Module

parsing.charsets

Character sets for O(1) classification.

All sets are frozensets for:

  • O(1) membership testing (vs O(n) for strings)
  • Immutability (thread-safe)
  • Module-level caching (no per-call allocation)

Reference: CommonMark 0.31.2 specification

Usage:

from patitas.parsing.charsets import ASCII_PUNCTUATION

if char in ASCII_PUNCTUATION:  # O(1) lookup
    ...

Functions

is_unicode_punctuation 1 bool
Check if character is Unicode punctuation (Pc, Pd, Pe, Pf, Pi, Po, Ps, or Sc, S…
def is_unicode_punctuation(char: str) -> bool

Check if character is Unicode punctuation (Pc, Pd, Pe, Pf, Pi, Po, Ps, or Sc, Sk, Sm, So).
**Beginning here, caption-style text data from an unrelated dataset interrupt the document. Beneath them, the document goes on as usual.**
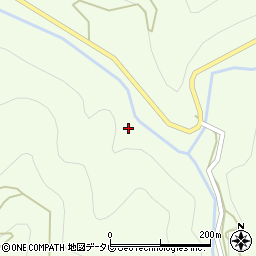 愛媛県伊予市中山町佐礼谷甲-1607周辺の地図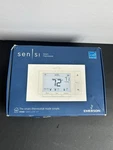 New Open Box Sensi Smart Thermostat ST55U Wifi Programmable White. Price: $39.95.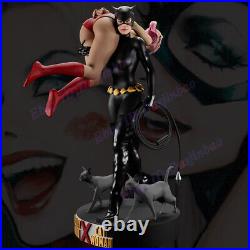Catwoman Carried Harley Quinn 1/4 3D Print Model Kit Unpainted Unassembled GK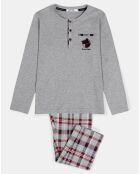 Pyjama Haut manches longues & Pantalon Hassan gris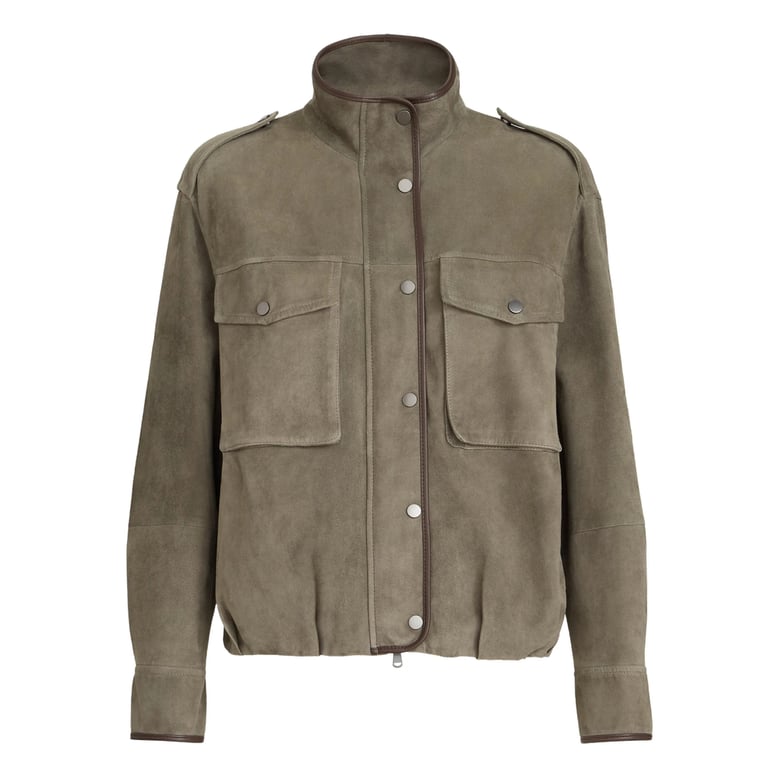 green suede texture outerwear by Selfnex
CommonMark uses Unicode punctuation categories for flanking rules. This includes ASCII punctuation as a subset.

Parameters
Name Type Description
char str
Returns
bool
is_unicode_whitespace 1 bool
Check if character is Unicode whitespace. CommonMark uses Unicode whitespace f…
def is_unicode_whitespace(char: str) -> bool

Check if character is Unicode whitespace.

CommonMark uses Unicode whitespace for emphasis flanking rules. Includes ASCII whitespace and Unicode category Zs (space separator). Also treats empty string as whitespace (for boundary checks).

Parameters
Name Type Description
char str
Returns
bool